The increase in containerisation of cargoes and the expansion of the global containership fleet have had a significant impact on global trade and economic development. However, this would not have been possible were it not for the humble shipping container, and it can be instructive to examine developments in the box fleet arena as a comparator to the wider world of container shipping.
Get Back To The Box
Containers are an integral part of global containerised trade, facilitating the easy and efficient movement of millions of tonnes of goods worldwide. As such, it is important not to overlook this facet of container shipping. Containers mainly come in either standard 20ft or 40ft general purpose units, although there are other more specialised sizes and designs, such as those designed to carry refrigerated cargoes or liquids. At the start of 2016, total containership fleet capacity stood at 19.7m TEU, and there were an estimated 38 million TEU of containers globally, equivalent to around two boxes per TEU of vessel slot capacity. Back in 2000 there were just under three containers for each containership slot. Meanwhile, global container trade stood at an estimated 175.2m TEU in 2015, five times greater than the volume of containers at the start of 2016, with this ratio having remained broadly steady for a number of years.
A Reactionary Force
Nearly all (a reported 98% in 2015) of the new containers produced globally are manufactured by a small number of companies based in China, and tracking Chinese exports of the boxes gives a clear idea of production trends. In 2015, 2.7 million new boxes were exported (compared to a high of 3.1 million in 2007). Container production capacity is very flexible and able to react quickly to market changes (much more rapidly than shipbuilding capacity, for example).

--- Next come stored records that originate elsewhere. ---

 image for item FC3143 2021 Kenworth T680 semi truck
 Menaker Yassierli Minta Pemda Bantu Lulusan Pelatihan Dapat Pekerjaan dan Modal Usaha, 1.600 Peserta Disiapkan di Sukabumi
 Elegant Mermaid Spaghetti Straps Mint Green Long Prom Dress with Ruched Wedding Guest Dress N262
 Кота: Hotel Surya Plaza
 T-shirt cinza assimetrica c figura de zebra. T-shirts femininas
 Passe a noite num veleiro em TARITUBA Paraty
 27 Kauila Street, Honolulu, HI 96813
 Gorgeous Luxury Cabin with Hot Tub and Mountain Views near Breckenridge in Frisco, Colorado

During the downturn of 2009, when container trade fell 9% y-o-y, Chinese exports of containers dropped by 77% y-o-y. Following this, as box trade recovered, so did the output of the containers themselves. Since then, production has continued to fluctuate as container trade growth has accelerated or slowed and in 2015, as container trade growth moderated, Chinese container exports fell by 0.3m units.
Own It, Or Lease It
Much like the containerships themselves, container ownership is split between companies who lease the containers to operators and containership operators. From 2005 to 2009, operators took ownership of an increasing share of containers and at the start of 2010 owned 59% of the volume of containers. However, since the financial crash containership operators have pulled back on box ownership (potentially to focus their financial resources elsewhere). As a result, at the end of 2015, container leasing companies owned 48% of the container fleet.
Although containers may be partially overlooked by many in the shipping world, they remain a key part of the industry. Not only are they are vitally important for the smooth running of the global supply chain, but developments in the production and ownership of containers also offer an interesting comparison to the boxship sector itself.